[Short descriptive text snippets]
== Segment start ==

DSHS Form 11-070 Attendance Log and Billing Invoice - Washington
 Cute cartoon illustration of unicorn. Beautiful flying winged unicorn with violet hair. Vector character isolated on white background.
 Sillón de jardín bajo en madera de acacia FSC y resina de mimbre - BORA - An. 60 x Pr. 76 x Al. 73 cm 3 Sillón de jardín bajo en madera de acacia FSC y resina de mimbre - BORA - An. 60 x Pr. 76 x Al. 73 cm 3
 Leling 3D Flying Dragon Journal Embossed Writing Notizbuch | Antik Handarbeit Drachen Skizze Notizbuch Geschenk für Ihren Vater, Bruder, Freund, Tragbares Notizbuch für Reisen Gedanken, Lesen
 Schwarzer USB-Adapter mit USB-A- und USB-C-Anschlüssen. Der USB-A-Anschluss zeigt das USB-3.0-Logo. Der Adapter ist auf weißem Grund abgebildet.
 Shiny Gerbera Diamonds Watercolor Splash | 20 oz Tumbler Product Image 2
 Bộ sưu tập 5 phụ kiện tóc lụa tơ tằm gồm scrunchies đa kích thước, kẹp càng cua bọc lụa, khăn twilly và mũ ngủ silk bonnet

== Segment end ==

YOUR GOAL
Please quote the data above in full, with no line missing.

WORKED SOLUTION
DSHS Form 11-070 Attendance Log and Billing Invoice - Washington
 Cute cartoon illustration of unicorn. Beautiful flying winged unicorn with violet hair. Vector character isolated on white background.
 Sillón de jardín bajo en madera de acacia FSC y resina de mimbre - BORA - An. 60 x Pr. 76 x Al. 73 cm 3 Sillón de jardín bajo en madera de acacia FSC y resina de mimbre - BORA - An. 60 x Pr. 76 x Al. 73 cm 3
 Leling 3D Flying Dragon Journal Embossed Writing Notizbuch | Antik Handarbeit Drachen Skizze Notizbuch Geschenk für Ihren Vater, Bruder, Freund, Tragbares Notizbuch für Reisen Gedanken, Lesen
 Schwarzer USB-Adapter mit USB-A- und USB-C-Anschlüssen. Der USB-A-Anschluss zeigt das USB-3.0-Logo. Der Adapter ist auf weißem Grund abgebildet.
 Shiny Gerbera Diamonds Watercolor Splash | 20 oz Tumbler Product Image 2
 Bộ sưu tập 5 phụ kiện tóc lụa tơ tằm gồm scrunchies đa kích thước, kẹp càng cua bọc lụa, khăn twilly và mũ ngủ silk bonnet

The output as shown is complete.